Tuesday, February 21, 2012

a project in self discovery

Once I heard someone say that life is like a book and you are the author. I don't remember where I read this; perhaps it was on the back of a Dove chocolate wrapper or in some young adult fiction novel which are chalked full of these pithy cliches. Nevertheless, as a middle school student, I found this idea liberating. I realized that I had the freedom and responsiblity to 'write' my own life, just as if it were a book. But the daunting responsiblity of filling the pages of my life with interesting narratives left me feeling scared. What if my story wasn't a story I wanted to read or I was disappointed with the ending? (Who knew a 6th grader was capable of basic existential thoughts? haha!) So, I decided that I would start writing everything that happened to me down in a journal.
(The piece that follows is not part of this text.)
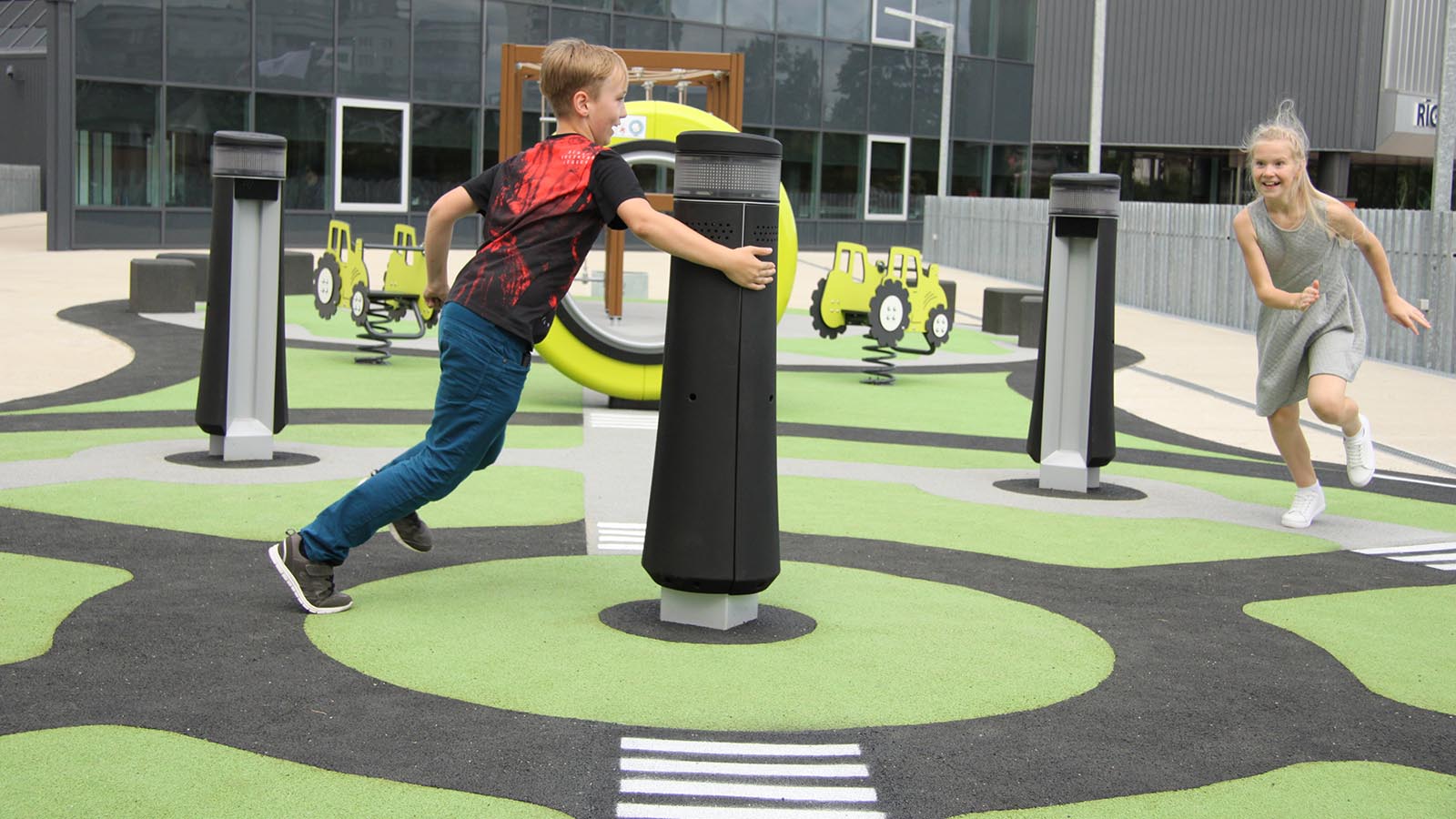 Med interaktive apparater på lekeplassen blir det uimotståelig å bevege seg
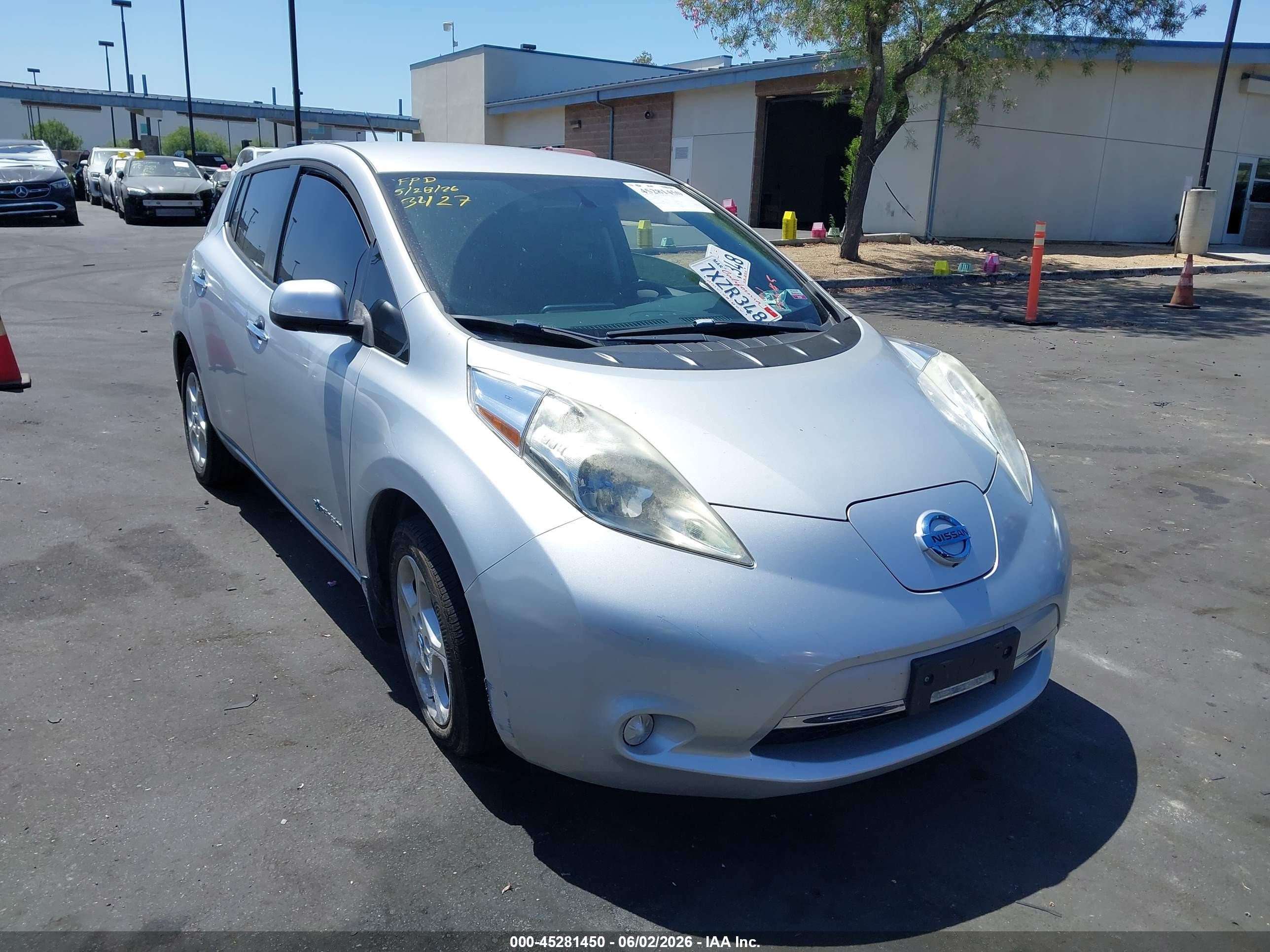 2013 Nissan Leaf VIN 1N4AZ0CPXDC413427 IAAI salvage auction — Unknown, Salvage Certificate (California), sold $400 on 2026-07-12 (photo 1)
By doing this, I would be able to analysize my life on paper and determine whether or not I was satisfied, and if I wasn't I would change it. Plus, being the sentimental person that I am, I wanted to hopefully share these stories with my children someday. Life was so important, I didn't want to forget a single moment. So I began to keep a personal archive where I wrote down everything I did every single day. Plus it was a way for me to express my inner most thoughts and feelings about cute boys, my critique on the latest Lizzie McGuire episode, and my angst with the popular kids. It was some pretty compelling work, complete with heart-dotted-I's and doodles of my dog Henry.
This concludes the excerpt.